§ What the task requires
Please restate, exactly as they appear, only the lines from the one that contains "Banjir Setinggi 50" to the final line of the entries, with no pictures.
▼▼▼
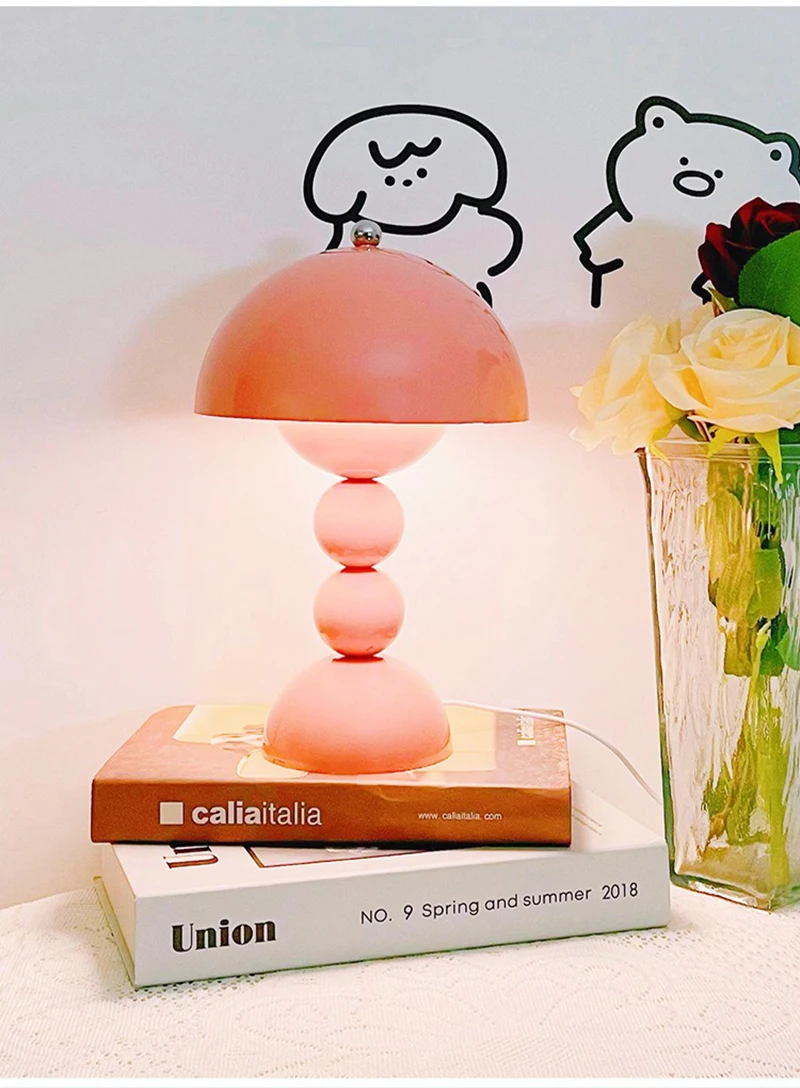 Table Lamp Image 17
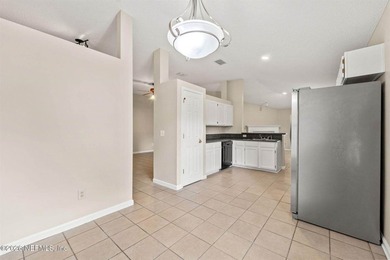 Welcome home to Bay Harbor! This spacious 4 bedroom, 2 bath - photo 10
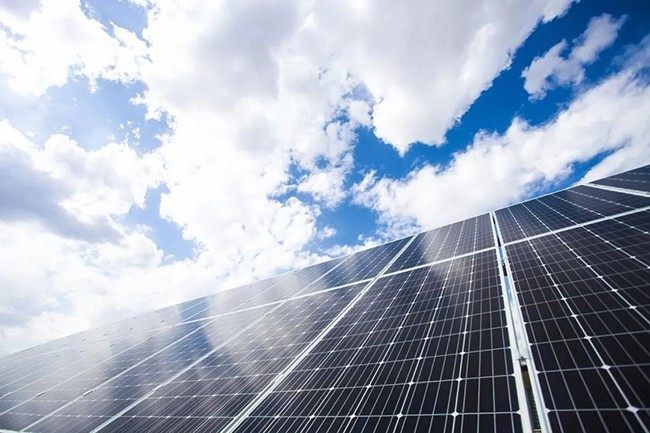 預(yù)測(cè)：2023年全球光伏裝機(jī)預(yù)計(jì)或超400GW，行業(yè)景氣度有望延續(xù)！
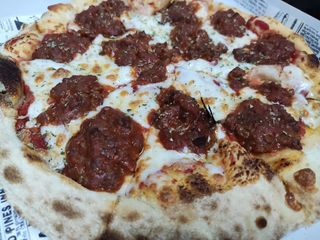 Pizza Artesanal Boloñesa (Mediana)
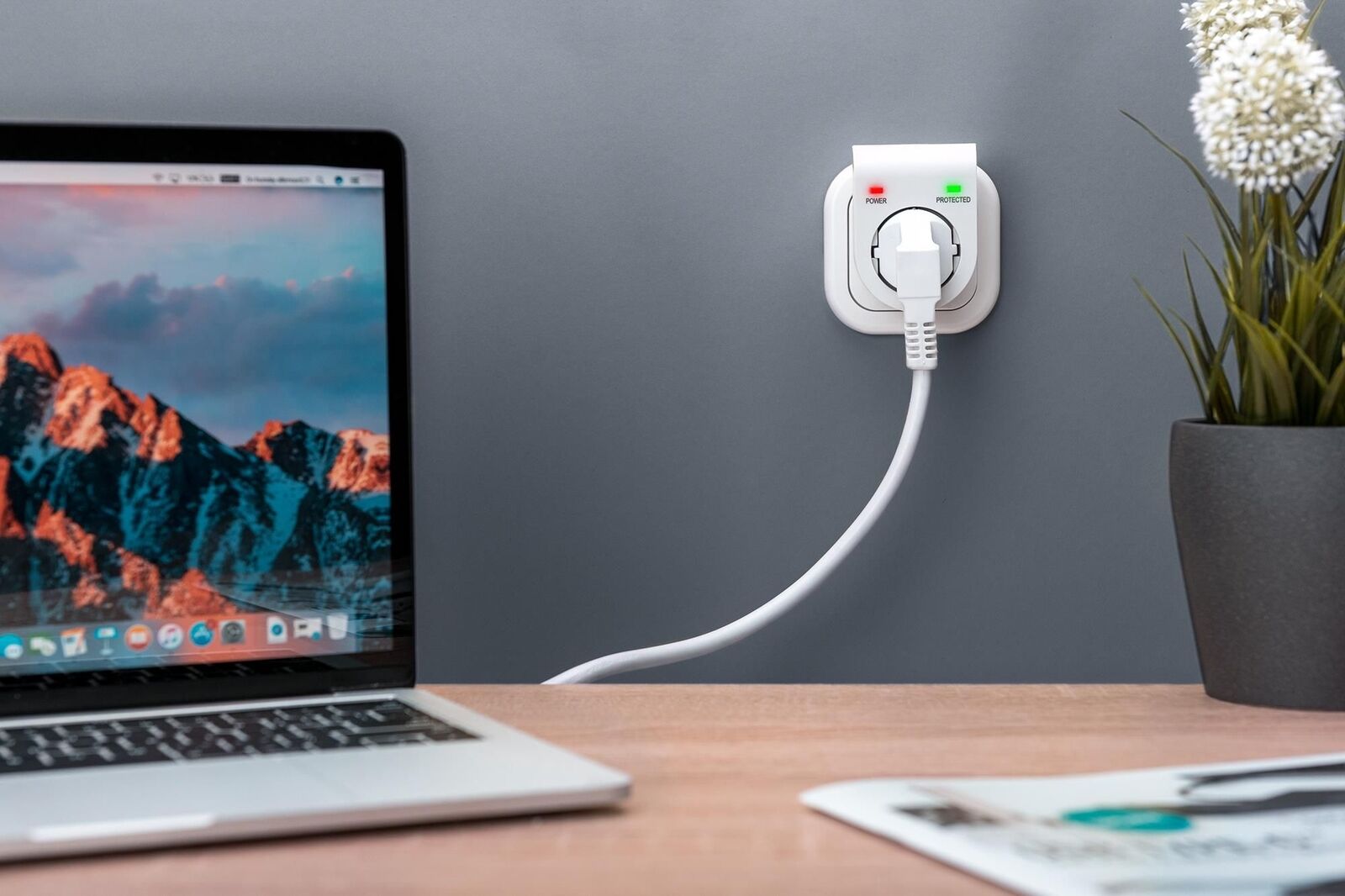 Digitus Adattatore con protezione contro le sovratensioni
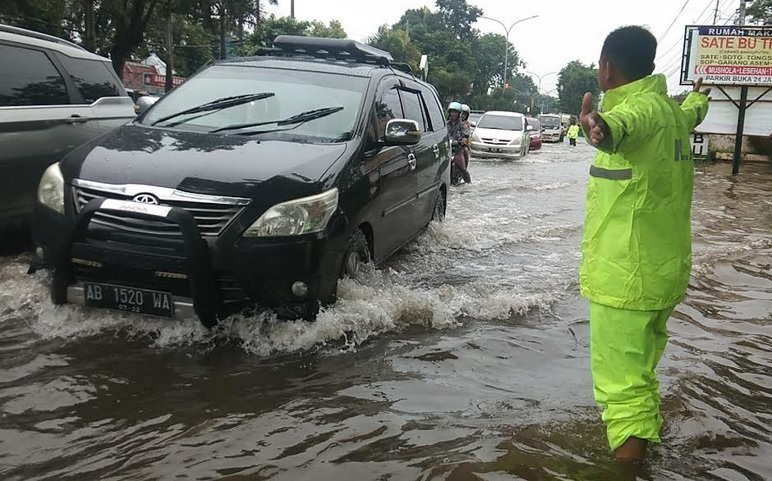 Banjir Setinggi 50 cm dan Panjang 300 Meter Merendam Jalur Pantura Kota Pekalongan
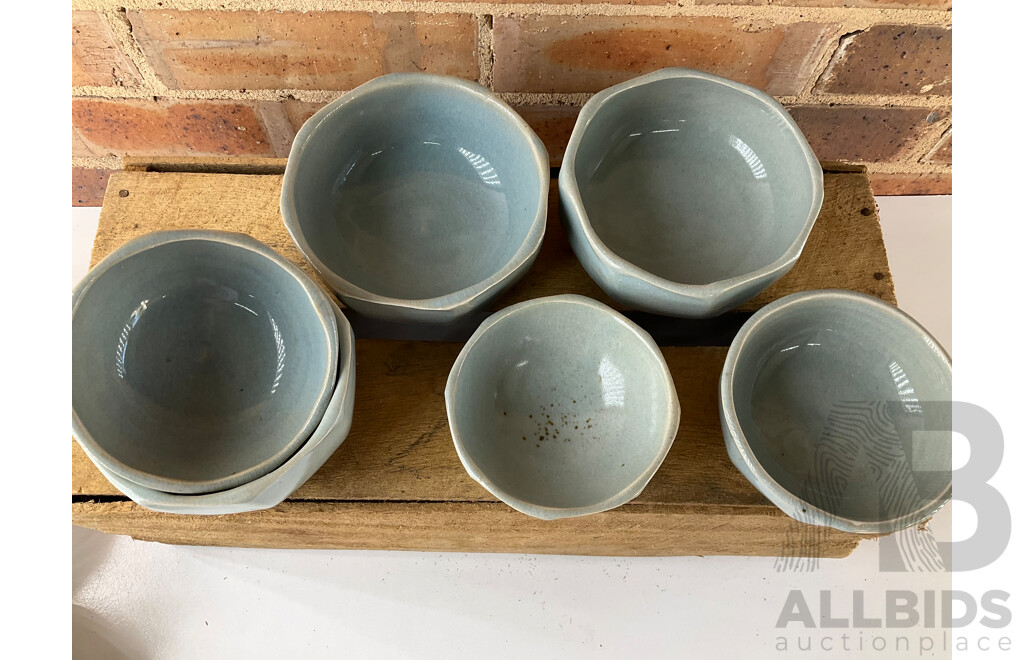 Roma Rubensohn (1927-2025) Collection of Studio Pottery Collection in Beige Blue Tones - Lot of 27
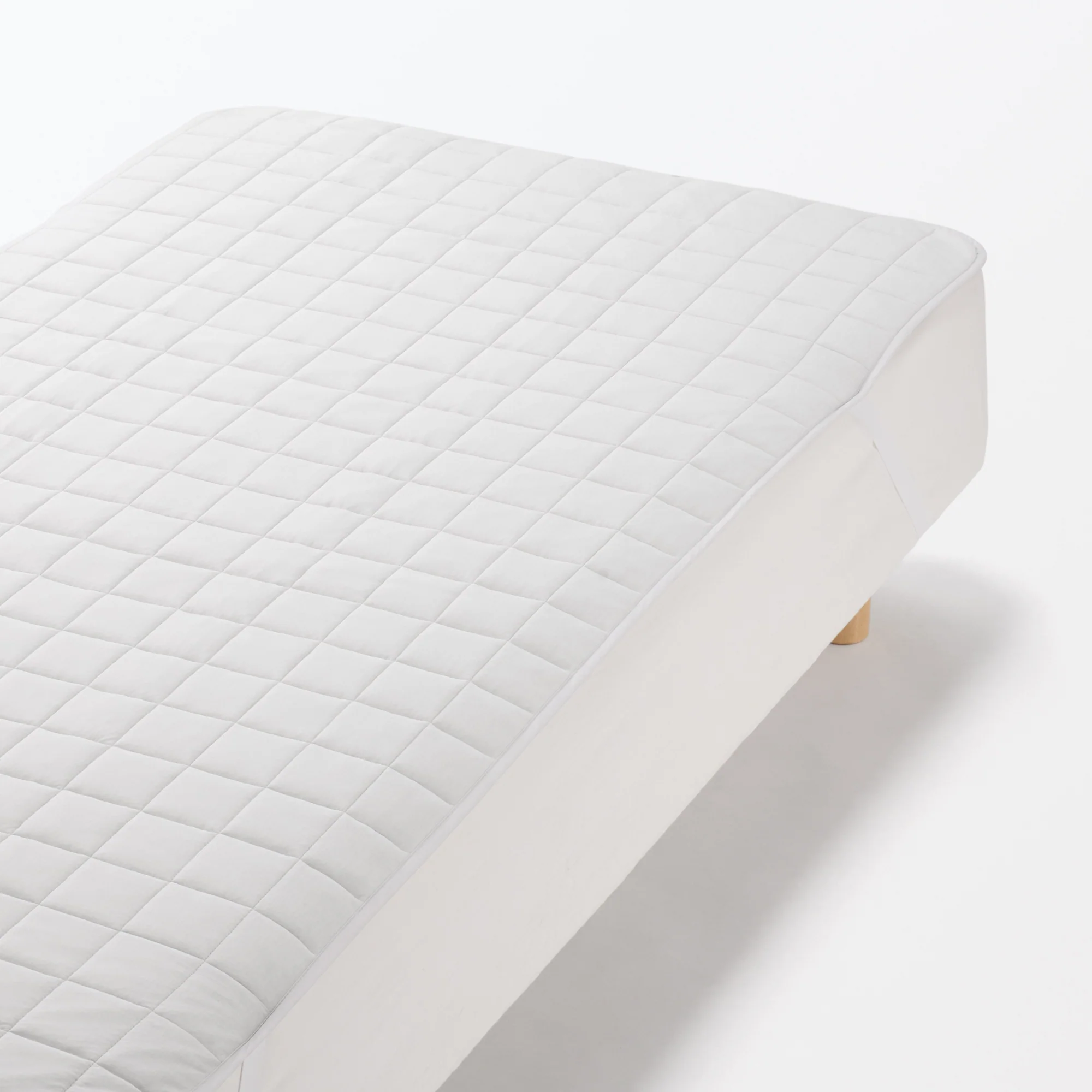 Cool Touch Quilted Pad - Queen - Image 8
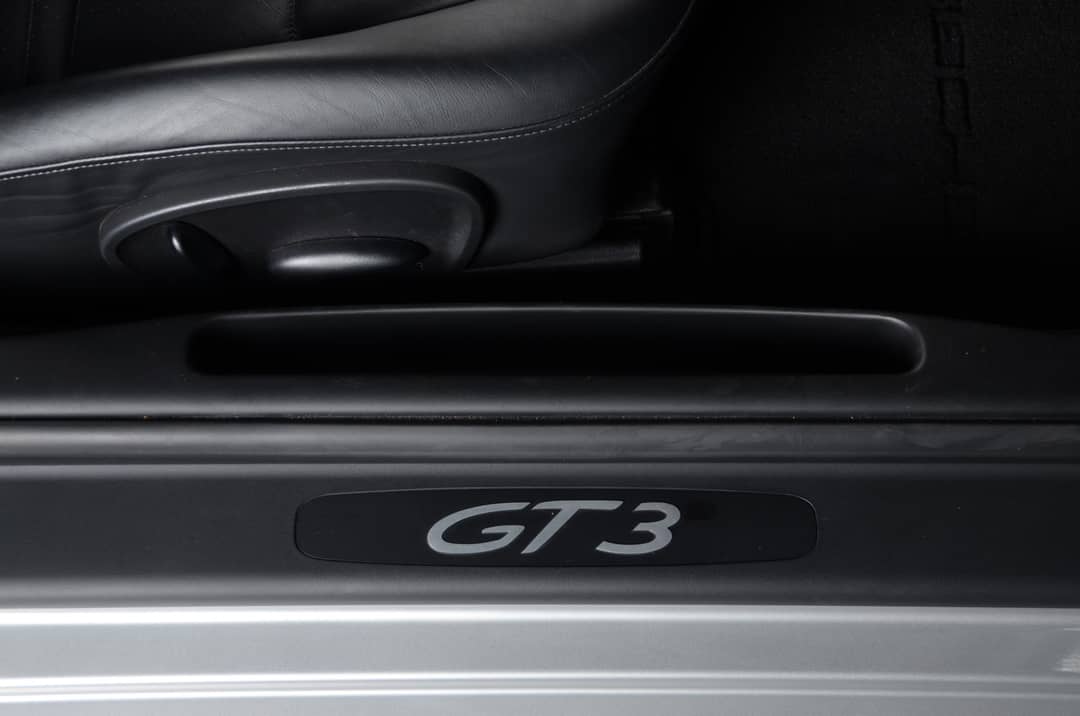 2004 Porsche 911 GT3 — photo 25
▲▲▲
§ Answer to the problem
 Banjir Setinggi 50 cm dan Panjang 300 Meter Merendam Jalur Pantura Kota Pekalongan
 Roma Rubensohn (1927-2025) Collection of Studio Pottery Collection in Beige Blue Tones - Lot of 27
 Cool Touch Quilted Pad - Queen - Image 8
 2004 Porsche 911 GT3 — photo 25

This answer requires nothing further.